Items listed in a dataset
*** Block opens ***

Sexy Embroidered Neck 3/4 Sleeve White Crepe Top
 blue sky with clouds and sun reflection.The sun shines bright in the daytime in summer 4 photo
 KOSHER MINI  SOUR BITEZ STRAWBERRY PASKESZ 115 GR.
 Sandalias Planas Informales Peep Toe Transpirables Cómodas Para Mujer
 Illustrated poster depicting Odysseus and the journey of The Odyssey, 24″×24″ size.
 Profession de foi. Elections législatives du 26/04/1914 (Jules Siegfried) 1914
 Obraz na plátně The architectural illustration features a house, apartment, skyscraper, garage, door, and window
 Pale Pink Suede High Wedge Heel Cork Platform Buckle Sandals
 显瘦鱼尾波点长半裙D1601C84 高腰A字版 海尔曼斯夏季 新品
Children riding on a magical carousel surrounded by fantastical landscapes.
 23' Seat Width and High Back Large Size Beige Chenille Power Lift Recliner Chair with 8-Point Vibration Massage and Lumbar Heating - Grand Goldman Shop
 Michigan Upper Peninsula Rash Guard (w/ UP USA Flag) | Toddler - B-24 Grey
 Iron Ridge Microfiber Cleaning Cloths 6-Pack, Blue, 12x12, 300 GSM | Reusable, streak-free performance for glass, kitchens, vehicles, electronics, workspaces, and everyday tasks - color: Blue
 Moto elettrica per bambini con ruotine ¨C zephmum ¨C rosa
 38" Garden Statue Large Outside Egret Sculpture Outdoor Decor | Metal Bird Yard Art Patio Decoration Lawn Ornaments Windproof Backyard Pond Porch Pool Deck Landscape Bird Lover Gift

*** Block closes ***

# [Work item]
Starting at the line that contains "Michigan Upper Peninsula" and ending at the last line of the data, repeat each line exactly; include nothing else.

# [Exercise answer]
 Michigan Upper Peninsula Rash Guard (w/ UP USA Flag) | Toddler - B-24 Grey
 Iron Ridge Microfiber Cleaning Cloths 6-Pack, Blue, 12x12, 300 GSM | Reusable, streak-free performance for glass, kitchens, vehicles, electronics, workspaces, and everyday tasks - color: Blue
 Moto elettrica per bambini con ruotine ¨C zephmum ¨C rosa
 38" Garden Statue Large Outside Egret Sculpture Outdoor Decor | Metal Bird Yard Art Patio Decoration Lawn Ornaments Windproof Backyard Pond Porch Pool Deck Landscape Bird Lover Gift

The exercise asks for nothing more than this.